De nouvelles recherches indiquent que la capacité des plantes à absorber l'excès de dioxyde de carbone (CO2) pourrait être significativement inférieure aux estimations précédentes des modèles climatiques, selon une étude publiée le 5 janvier 2026 par l'Université de Graz. L'étude, publiée dans Science News, a révélé que la quantité d'azote disponible pour les plantes, un élément crucial pour l'absorption du CO2 et la croissance, a été surestimée d'environ 50 % dans les principaux modèles climatiques.
La recherche souligne que, bien que l'augmentation des niveaux de CO2 puisse stimuler la croissance des plantes, cet effet est conditionné à une disponibilité suffisante d'azote. La surestimation de la fixation naturelle de l'azote dans les modèles climatiques suggère que les avantages en matière de refroidissement climatique découlant de la croissance des plantes dans des conditions de CO2 élevé sont moins importants que prévu. Cet écart introduit une plus grande incertitude dans les projections climatiques futures et diminue le tampon attendu contre le changement climatique.
« Nos conclusions révèlent une faille critique dans la façon dont les modèles climatiques représentent l'interaction entre les plantes et l'atmosphère », a déclaré la Dre Elena Schmidt, auteure principale de l'étude et professeure de sciences de l'environnement à l'Université de Graz. « Les modèles ont supposé un taux plus élevé de fixation naturelle de l'azote, ce qui a conduit à une surestimation de l'absorption de CO2 par les plantes. Cela a des implications importantes pour notre compréhension du cycle du carbone et la précision des prévisions climatiques. »
Les modèles climatiques sont des outils informatiques complexes qui simulent le système climatique de la Terre, intégrant divers facteurs tels que les émissions de gaz à effet de serre, le rayonnement solaire et l'utilisation des terres. Ces modèles s'appuient sur des algorithmes et des données pour projeter des scénarios climatiques futurs. L'intelligence artificielle (IA) joue un rôle de plus en plus important dans l'amélioration de ces modèles, en particulier dans des domaines tels que l'analyse des données, la reconnaissance des formes et la modélisation prédictive. Cependant, la précision de ces modèles basés sur l'IA dépend fortement de la qualité et de l'exhaustivité des données sur lesquelles ils sont formés. Dans ce cas, la surestimation de la fixation de l'azote a faussé les projections du modèle.

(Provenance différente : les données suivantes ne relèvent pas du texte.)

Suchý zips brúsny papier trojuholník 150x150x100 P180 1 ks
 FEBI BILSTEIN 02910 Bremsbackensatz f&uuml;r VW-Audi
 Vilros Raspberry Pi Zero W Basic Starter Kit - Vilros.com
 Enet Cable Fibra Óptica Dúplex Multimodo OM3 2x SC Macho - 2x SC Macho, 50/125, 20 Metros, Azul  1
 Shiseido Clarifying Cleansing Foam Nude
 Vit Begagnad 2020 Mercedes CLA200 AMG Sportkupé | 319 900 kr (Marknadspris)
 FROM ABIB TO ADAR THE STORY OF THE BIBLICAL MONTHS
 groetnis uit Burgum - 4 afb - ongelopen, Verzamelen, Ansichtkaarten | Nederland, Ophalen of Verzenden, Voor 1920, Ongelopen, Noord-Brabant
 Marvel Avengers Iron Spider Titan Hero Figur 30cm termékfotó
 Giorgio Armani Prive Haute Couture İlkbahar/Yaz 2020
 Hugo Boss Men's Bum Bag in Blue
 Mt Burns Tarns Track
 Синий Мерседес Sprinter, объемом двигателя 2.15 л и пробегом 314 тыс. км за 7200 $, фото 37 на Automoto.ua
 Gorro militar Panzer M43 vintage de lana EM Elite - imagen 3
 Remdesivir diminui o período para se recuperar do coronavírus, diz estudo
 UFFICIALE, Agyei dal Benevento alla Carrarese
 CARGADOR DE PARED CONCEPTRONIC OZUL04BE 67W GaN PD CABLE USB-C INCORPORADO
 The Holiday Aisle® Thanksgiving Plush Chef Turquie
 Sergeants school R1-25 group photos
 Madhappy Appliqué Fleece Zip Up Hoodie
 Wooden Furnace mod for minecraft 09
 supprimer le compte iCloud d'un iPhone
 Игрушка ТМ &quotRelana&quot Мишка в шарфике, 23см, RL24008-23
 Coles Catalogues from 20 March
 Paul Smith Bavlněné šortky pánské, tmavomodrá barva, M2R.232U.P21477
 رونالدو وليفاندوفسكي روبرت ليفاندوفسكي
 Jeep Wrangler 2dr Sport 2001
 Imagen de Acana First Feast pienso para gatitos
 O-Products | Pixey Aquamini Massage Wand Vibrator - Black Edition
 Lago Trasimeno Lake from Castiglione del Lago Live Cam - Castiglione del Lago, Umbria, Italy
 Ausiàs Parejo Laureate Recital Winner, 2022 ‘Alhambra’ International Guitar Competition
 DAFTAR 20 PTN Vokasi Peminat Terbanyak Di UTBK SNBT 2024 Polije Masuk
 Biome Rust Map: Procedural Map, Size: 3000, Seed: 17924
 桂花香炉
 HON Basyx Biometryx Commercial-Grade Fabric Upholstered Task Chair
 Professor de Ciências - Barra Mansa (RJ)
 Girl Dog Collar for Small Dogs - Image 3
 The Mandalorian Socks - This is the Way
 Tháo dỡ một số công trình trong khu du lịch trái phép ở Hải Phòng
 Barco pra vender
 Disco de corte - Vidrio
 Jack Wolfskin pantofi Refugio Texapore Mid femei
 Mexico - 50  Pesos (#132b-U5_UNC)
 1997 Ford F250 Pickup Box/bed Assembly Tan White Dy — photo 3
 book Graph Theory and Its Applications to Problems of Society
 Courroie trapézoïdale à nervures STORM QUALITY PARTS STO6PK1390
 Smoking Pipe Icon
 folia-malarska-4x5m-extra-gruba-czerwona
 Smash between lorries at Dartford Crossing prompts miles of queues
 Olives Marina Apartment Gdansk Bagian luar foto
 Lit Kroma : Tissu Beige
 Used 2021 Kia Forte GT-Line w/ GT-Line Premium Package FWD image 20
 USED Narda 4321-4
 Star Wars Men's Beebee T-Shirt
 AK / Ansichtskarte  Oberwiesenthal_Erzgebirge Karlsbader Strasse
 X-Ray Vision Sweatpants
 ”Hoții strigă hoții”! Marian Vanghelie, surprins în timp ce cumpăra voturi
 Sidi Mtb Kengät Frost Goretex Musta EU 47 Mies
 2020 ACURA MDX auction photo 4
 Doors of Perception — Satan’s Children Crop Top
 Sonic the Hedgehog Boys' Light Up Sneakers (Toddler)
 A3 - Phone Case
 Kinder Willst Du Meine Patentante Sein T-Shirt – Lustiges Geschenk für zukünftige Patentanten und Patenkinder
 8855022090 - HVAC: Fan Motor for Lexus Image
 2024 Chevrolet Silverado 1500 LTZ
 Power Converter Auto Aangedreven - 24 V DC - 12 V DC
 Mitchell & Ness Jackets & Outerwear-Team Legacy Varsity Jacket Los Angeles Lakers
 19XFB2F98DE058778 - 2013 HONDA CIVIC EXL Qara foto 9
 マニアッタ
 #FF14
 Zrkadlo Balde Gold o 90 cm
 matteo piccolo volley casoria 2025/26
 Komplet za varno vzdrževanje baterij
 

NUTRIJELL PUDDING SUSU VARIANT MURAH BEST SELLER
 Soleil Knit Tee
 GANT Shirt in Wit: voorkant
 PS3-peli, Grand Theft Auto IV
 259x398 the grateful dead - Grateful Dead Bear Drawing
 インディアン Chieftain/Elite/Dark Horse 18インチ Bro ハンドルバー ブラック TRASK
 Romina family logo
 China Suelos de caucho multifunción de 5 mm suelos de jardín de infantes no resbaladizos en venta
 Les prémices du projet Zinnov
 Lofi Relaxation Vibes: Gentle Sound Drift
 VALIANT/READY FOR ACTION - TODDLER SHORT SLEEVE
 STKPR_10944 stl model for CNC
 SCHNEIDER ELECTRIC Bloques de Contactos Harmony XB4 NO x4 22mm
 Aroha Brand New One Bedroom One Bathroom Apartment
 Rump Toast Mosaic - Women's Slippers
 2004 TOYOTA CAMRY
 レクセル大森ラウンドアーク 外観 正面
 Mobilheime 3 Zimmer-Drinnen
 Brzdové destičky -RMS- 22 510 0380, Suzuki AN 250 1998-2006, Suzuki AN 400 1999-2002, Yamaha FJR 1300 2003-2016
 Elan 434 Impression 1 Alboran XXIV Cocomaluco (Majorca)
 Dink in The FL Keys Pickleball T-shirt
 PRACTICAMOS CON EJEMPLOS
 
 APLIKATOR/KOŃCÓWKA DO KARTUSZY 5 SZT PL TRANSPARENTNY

Les implications de cette recherche s'étendent à divers secteurs, notamment l'élaboration des politiques, l'agriculture et la conservation. Des modèles climatiques précis sont essentiels pour éclairer les politiques visant à atténuer le changement climatique et à s'adapter à ses impacts. La compréhension révisée de la capacité d'absorption du CO2 par les plantes pourrait nécessiter des ajustements aux objectifs et aux stratégies de réduction des émissions.
« Cette étude souligne l'importance d'affiner continuellement nos modèles climatiques avec les dernières données scientifiques », a déclaré le Dr James Carter, climatologue à la National Oceanic and Atmospheric Administration (NOAA), qui n'a pas participé à la recherche. « Elle souligne également la nécessité d'une compréhension plus globale des interactions complexes au sein des écosystèmes de la Terre. »
Les chercheurs se concentrent désormais sur le développement de modèles plus précis qui intègrent les taux de fixation de l'azote révisés. Les études futures examineront également les impacts potentiels d'autres facteurs limitants, tels que la disponibilité de l'eau et les nutriments du sol, sur l'absorption du CO2 par les plantes. L'objectif ultime est d'améliorer la fiabilité des projections climatiques et de fournir aux décideurs politiques les meilleures informations disponibles pour relever les défis du changement climatique.